*EXERCISE DIRECTIONS*.
The lines below, from the one holding "Motorcraft® - Shock" through the one holding "Оригінальний Сенсор (Тачскрін)", are to be restated word for word, with all images left out.

*GIVEN RECORDS*.
────────

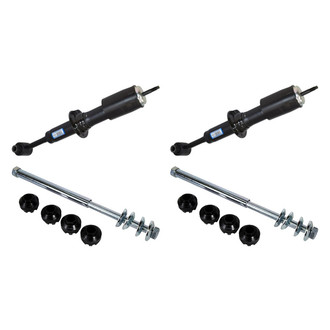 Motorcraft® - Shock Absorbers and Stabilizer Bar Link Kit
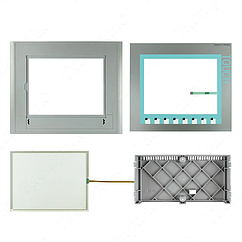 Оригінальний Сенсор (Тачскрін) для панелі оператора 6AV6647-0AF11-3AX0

────────

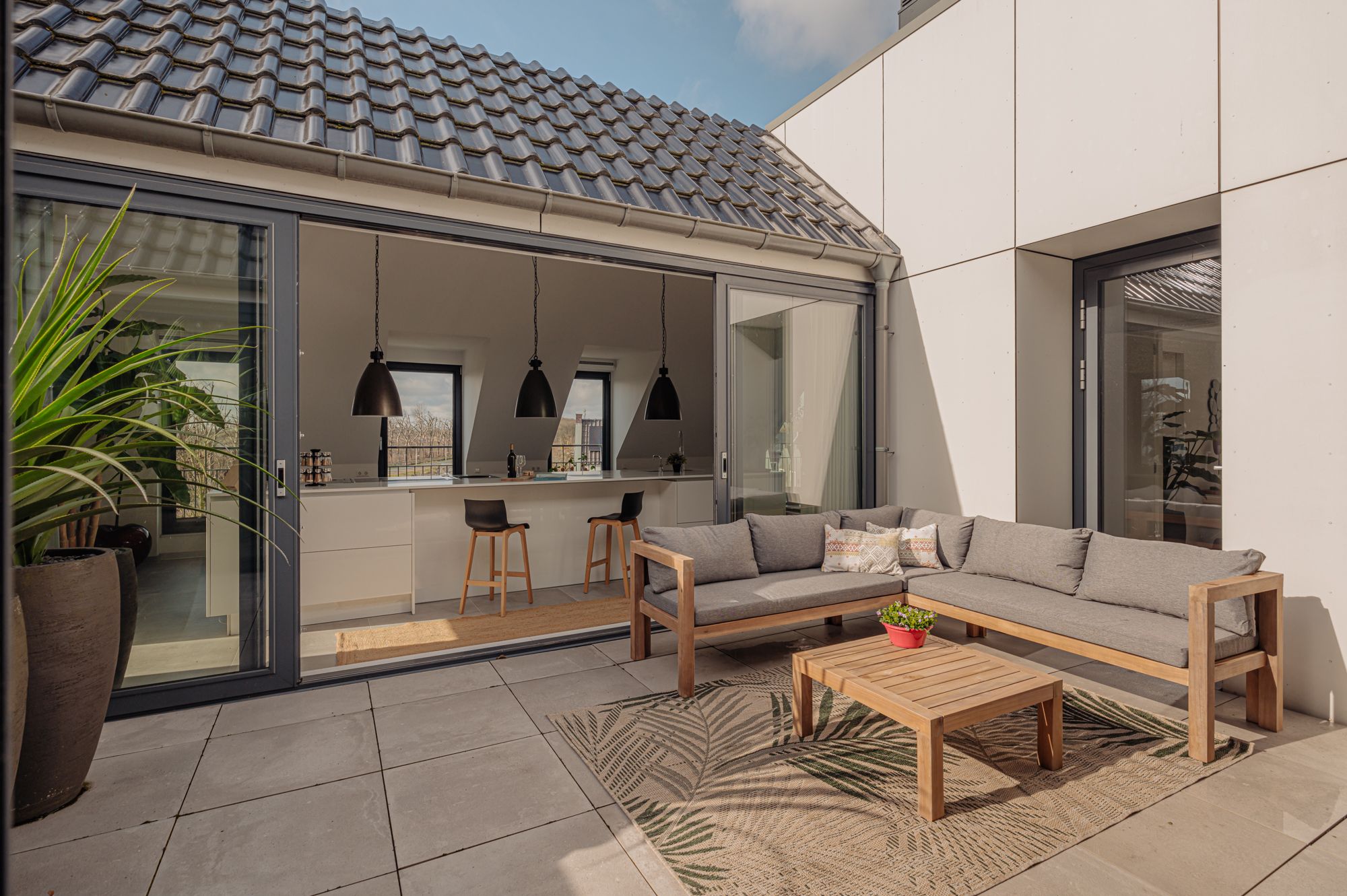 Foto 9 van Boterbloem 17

────────

*FINISHED EXERCISE*.
 Motorcraft® - Shock Absorbers and Stabilizer Bar Link Kit
 Оригінальний Сенсор (Тачскрін) для панелі оператора 6AV6647-0AF11-3AX0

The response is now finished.